Thomas Bayrle

dépendance is pleased to present Thomas Bayrle’s fourth solo exhibition at the gallery. The exhibition is on view through April 13th, 2019.

In the 1960s, Bayrle started to produce works based on the serial repetition of the same pattern, a move inspired by structuralism, which was proving extremely influential for minimal, pop and conceptual art. These results set the foundations for his singular visual language. Bayrle has used the resources of artistic collage to weave individual images into an overall picture, into what he terms Superform, in which one identical single element in varied brightness make up one iconic picture. The artist initially envisioned Superform while working as a Jacquard weaver, staring into the hypnotic patterns of thread crossings. Also during this period, He began to directly address the alurring nature of technology.

The exhibition at dépendance brings together seven works Bayrle created in 1990 using his signature Superform technique. The black and white works are original hand made designs propositions for a subway station in the city of Offenbach, which is adjacent to Frankfurt am Main. The coloured canvases were made with lino paint stamped repetitively into the canvas, creating images described by the artist as traffic ornaments.

The collages’ subjects are all related to speed and the human; topics Bayrle addresses in his work throughout the decades. The works refer too to Paul Virilio, the ‘high priest of speed,’ and deals with the impact of speed on the contemporary world. As in Virilio’s theory, Bayrle’s work shows the far-reaching extent to which the speed conquered all and everything over the centuries.

One of the most important artists to have emerged during the 1960s West German economic boom, Bayrle has received belated recognition for his influential works and processes. Long before the advent of current visual technologies, he foresaw our digital reality, employing photocopy machines and other midcentury tools in his early works to create analog visualizations of what are now fundamental traits of our digital culture. Bayrle’s thematic investigations have ranged from a visual analysis of mass culture and consumerism to reflections on the intersection of technology with global politics.

An influential and pioneering figure, German artist Thomas Bayrle (b. 1937, Berlin; lives and works in Frankfurt) has been an important reference for several generations of artists, both through his teaching (he taught at the well-known Städelschule from 1975 to 2002), and through his participation in international exhibitions. Over the years, Bayrle has built up an extremely coherent body of work, one that tends towards the obsessive while combining allegiances to pop and conceptual art in unique ways.

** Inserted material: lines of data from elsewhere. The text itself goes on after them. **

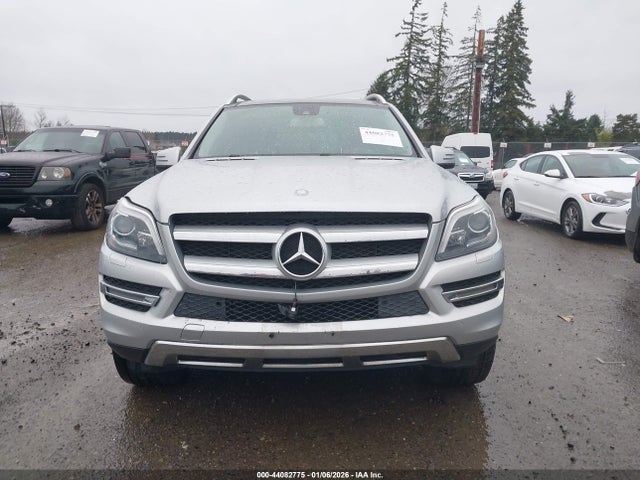 4JGDF6EEXGA679430 Mercedes-Benz Gl 450 4matic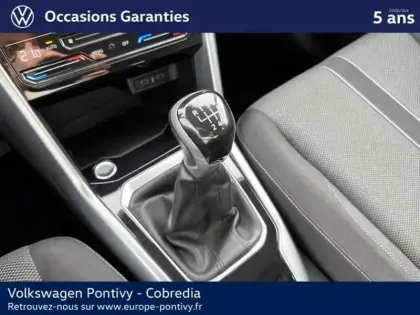 Photo 9 Volkswagen T-roc  2.0 TDI 116ch Life Business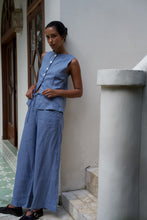 Load image into Gallery viewer, NIA - DENIM BLUE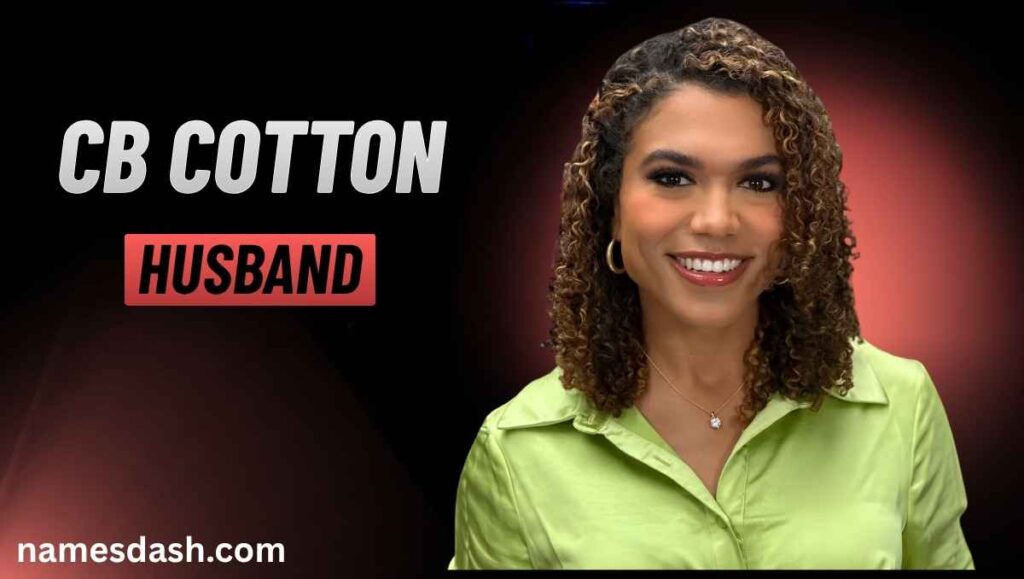 CB Cotton Husband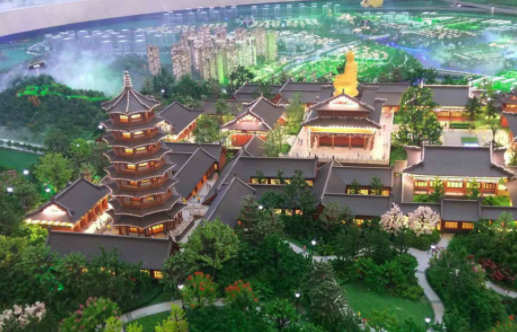 建筑沙盘模型制作未来的发展趋势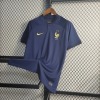 Frankreich Heimtrikot 2022/23 WM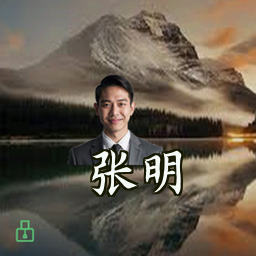 张明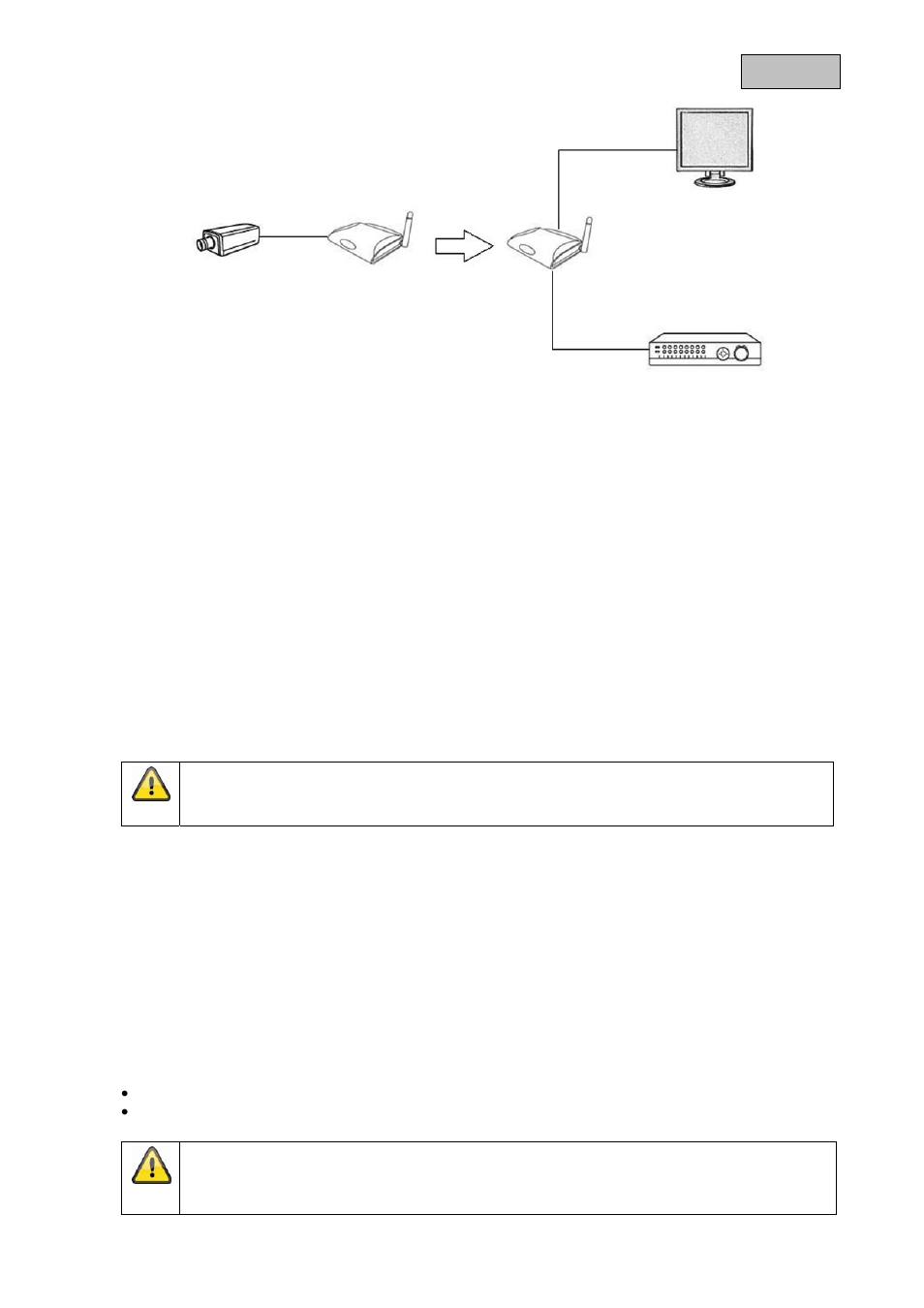ABUS TVAC15100 User Manual | Page 34 / 58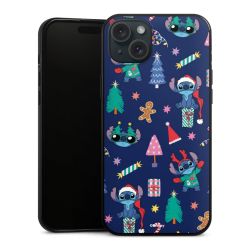 Silikoni Suojakuori Slim musta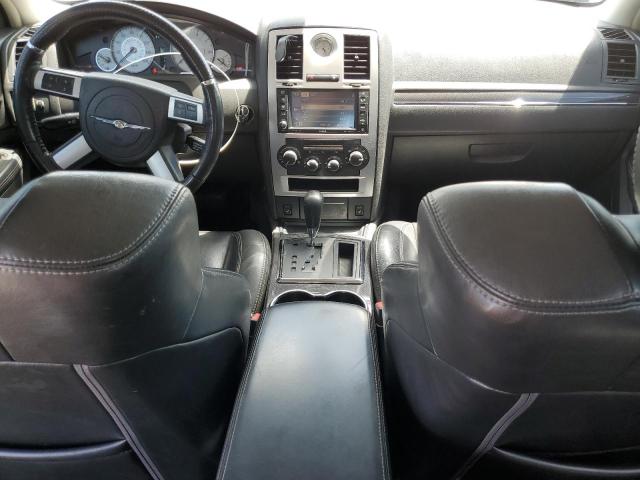 Photo 8 from auction – 2008 CHRYSLER 300C with VIN 2C3LA63H48H119924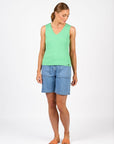 KNEWE VISTA TANK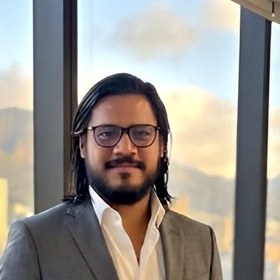 Foto de Francisco Alberto Daza Mosquera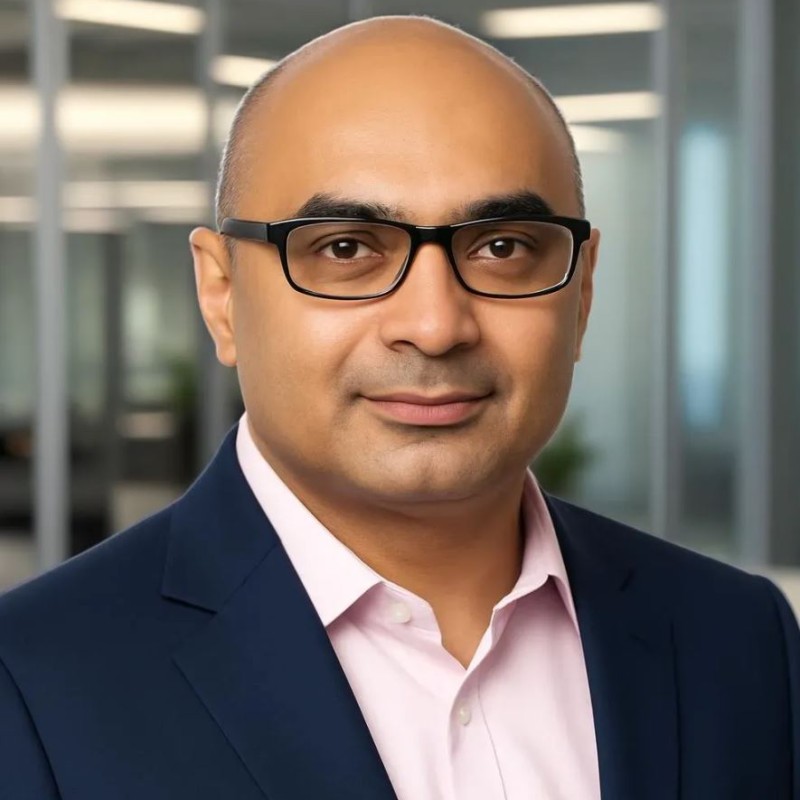 Ravinder Singheire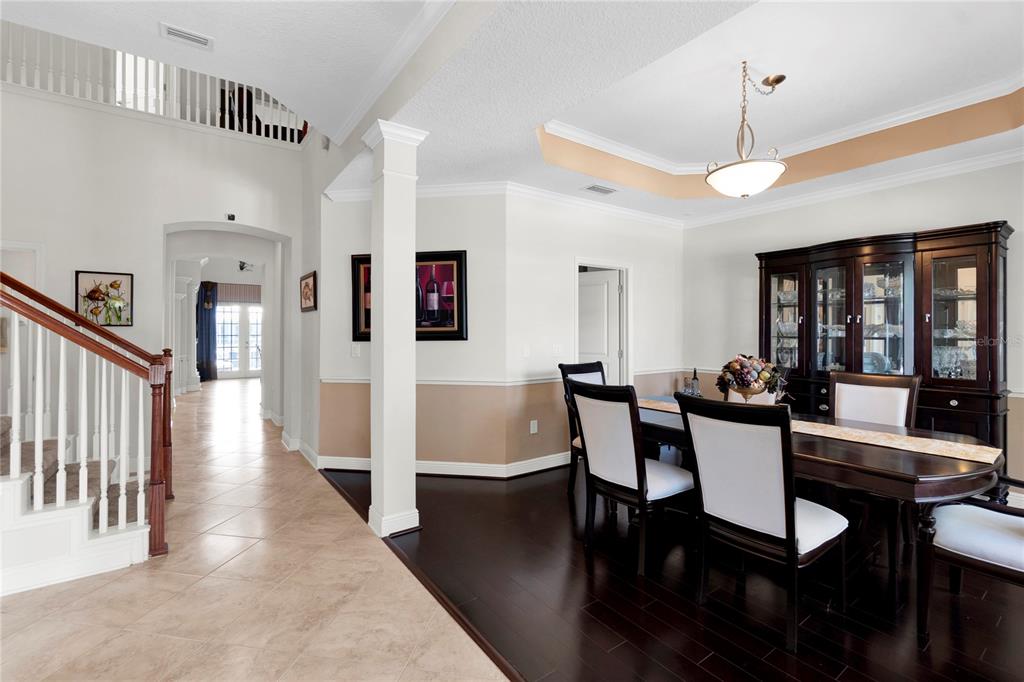 Property for sale at 5727 SEA TROUT PLACE, APOLLO BEACH, FL, 33572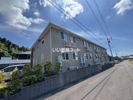 プラシード串木野Ⅱの外観画像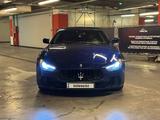 Maserati Ghibli 2013 года за 21 900 000 тг. в Алматы – фото 2
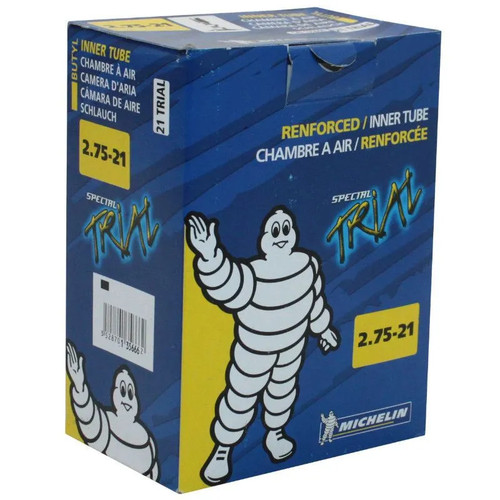 Schlauch 2 75 michelin - schlauch,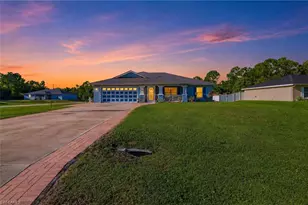404 Parkdale Blvd, Lehigh Acres, FL 33974 - Photo 1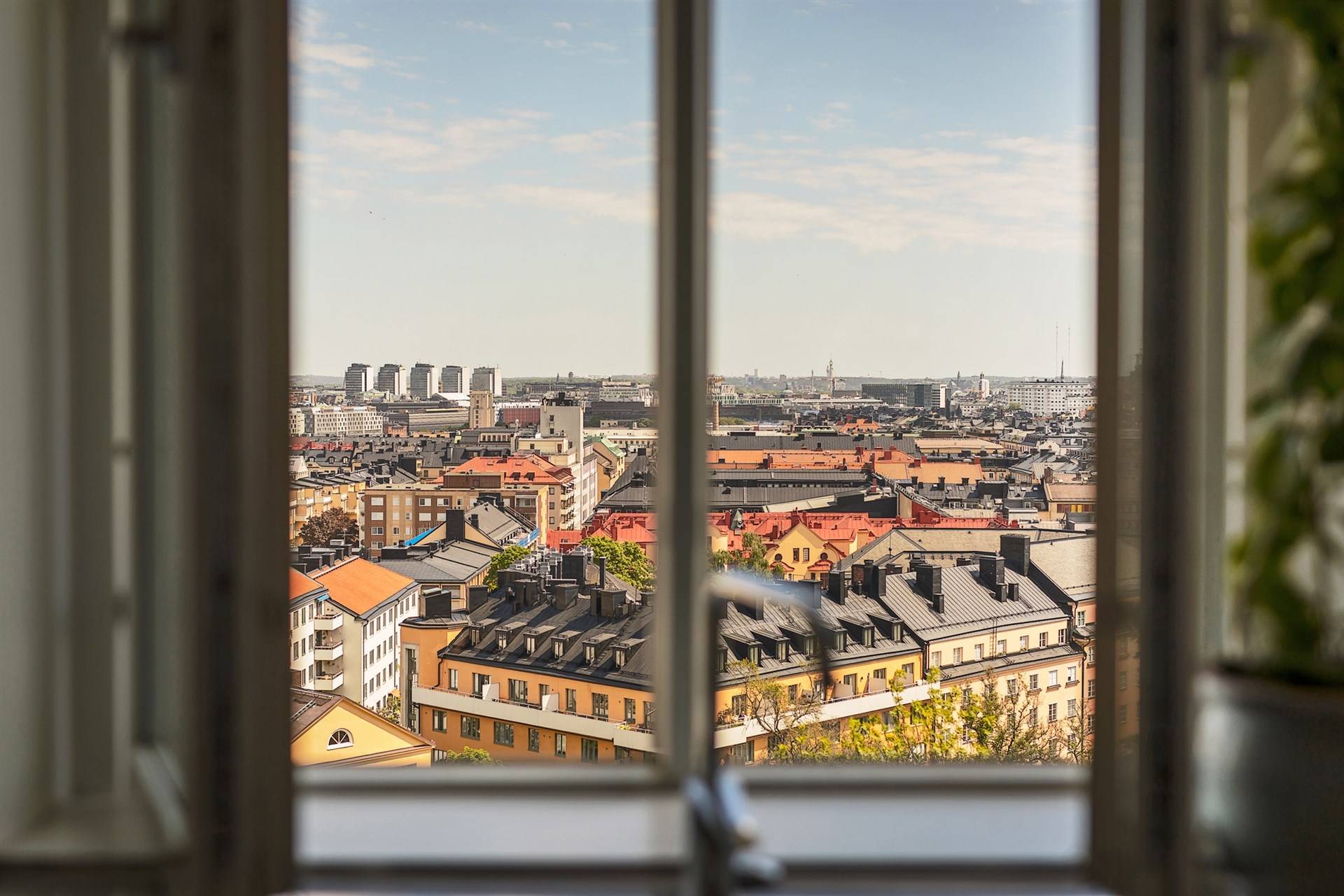 1.5 rum Lägenhet på John Bergs Plan 8, 4tr Kungsholmen - Fridhemsplan Stockholms kommun - bild 9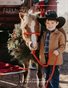 Issue 56 | Christmas on the Farm by FARMtographer Magazine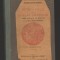C10239 - INTAMPLARILE UNUI SCOLAR AMERICAN - THOMAS BAILEY ALDRICH, 1922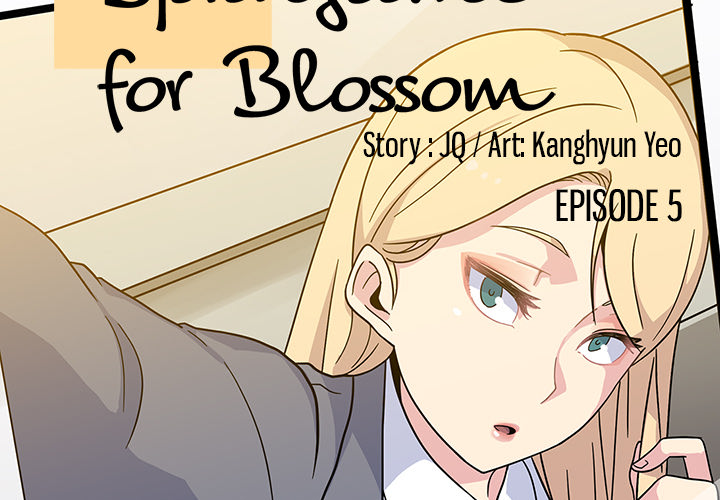 Read manga Springtime For Blossom - Chapter 5 - Ck2XpP6xGVu7PXE - ManhwaXXL.com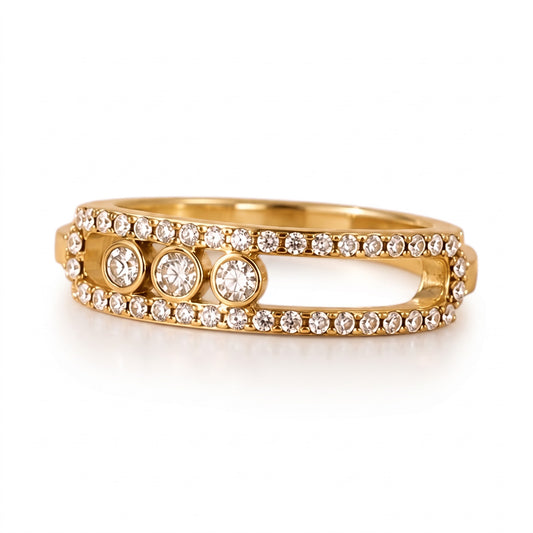 Callista Ring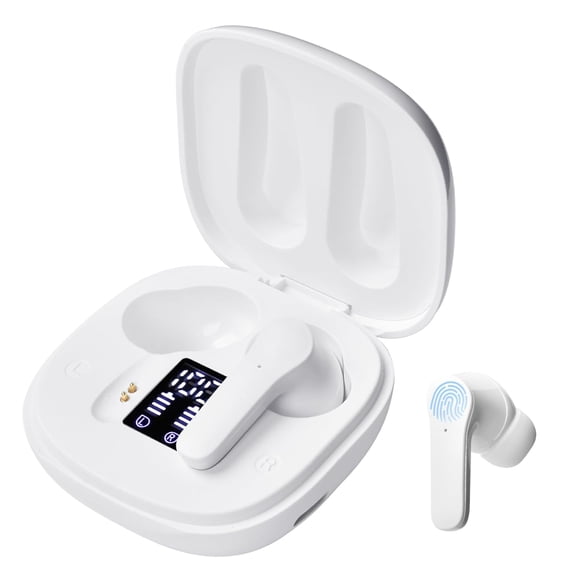 Auriculares Traductores de Idiomas, Dispositivo de Traducción en Tiempo Real de 144 Idiomas con Traducción de Voz Online Bidireccional por Bluetooth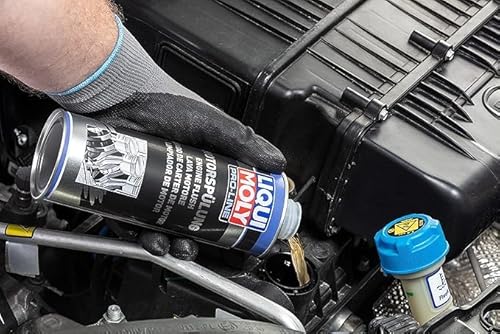 Maatsen 8374 Liquii Moly Engine Flush thumb #2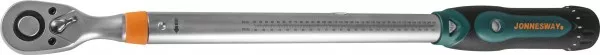 Ключ динамометрический 3/4"DR 150-750 НМ повышенной точности T21750N  Jonnesway 49763 купить в Новом Уренгое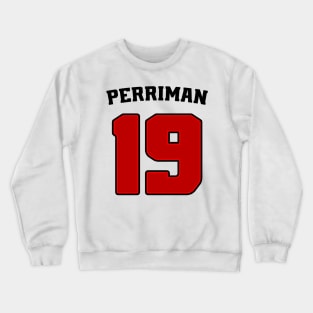 Breshad Perriman Bucs Crewneck Sweatshirt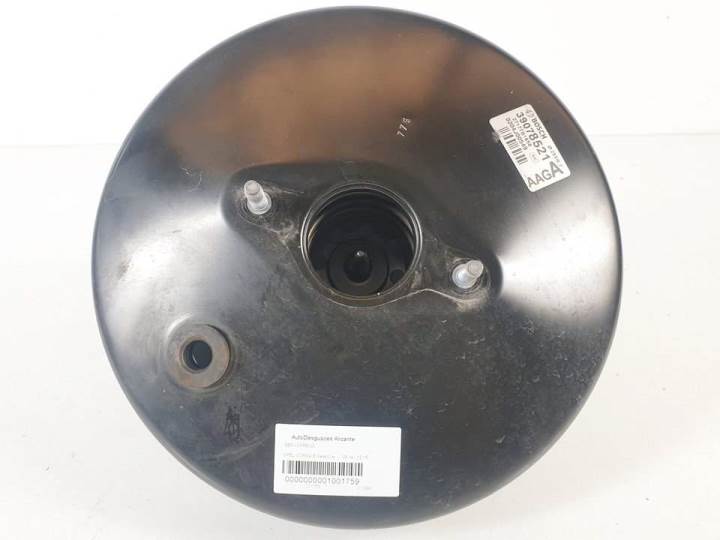 SERVOFRENO 39078521 OPEL CORSA E Autodesguaces Alicante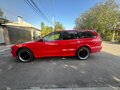 1998 Mitsubishi Legnum, красный, 550000 рублей - вид 8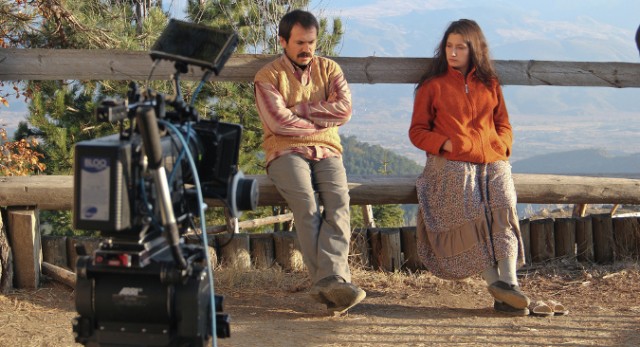 Gözetleme Kulesi fotoğrafı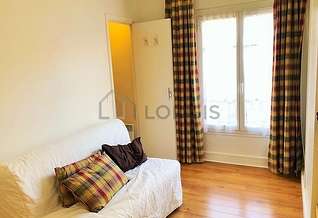 Gobelins París Paris 13° estudio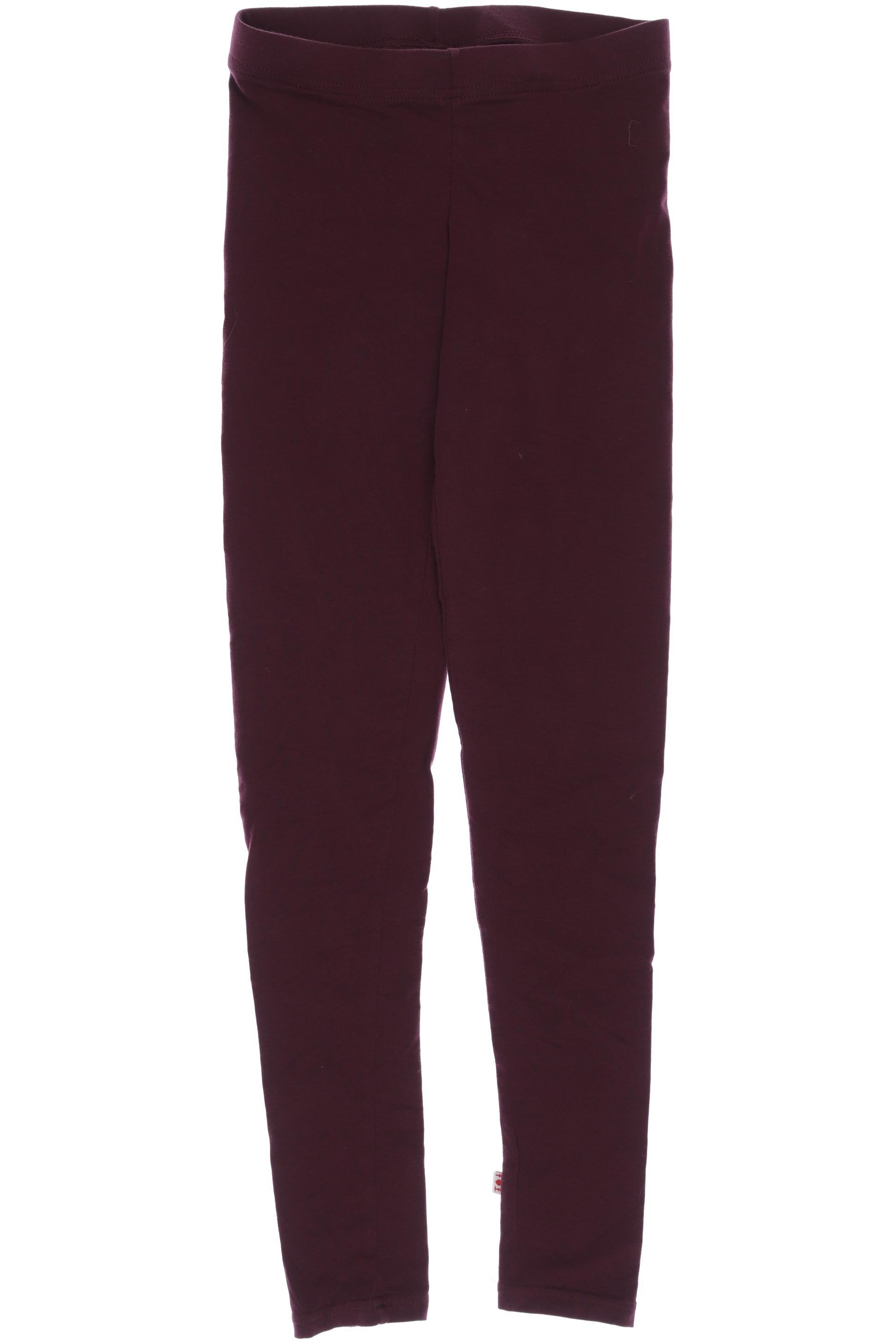 

Blutsgeschwister Damen Stoffhose, flieder, Gr. 0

Last year, Bayrle had a major retrospective, titled Playtime at the New Museum, NY. The artist’s retrospective exhibition, Thomas Bayrle: All-in-one opened in WIELS, Brussels in 2014 and toured to the Baltic Center for Contemporary Art, Gateshead, UK and Institut d’Art Contemporain, Villeurbanne Rhône-Alpes, France.

Bayrle’s work is in the collections of the Museum für Moderne Kunst, Frankfurt am Main, Germany; Städelmuseum, Frankfurt am Main, Germany; Museum Ludwig, Köln, Germany; Kunstmuseum, Stuttgart, Germany; Museum of Contemporary Art, Los Angeles; Fonds Regional d’Art Contemporain du Limousin, Limoges, France; Seattle Art Museum, Washington; Art Institute of Chicago, Illinois; MoMA, New York.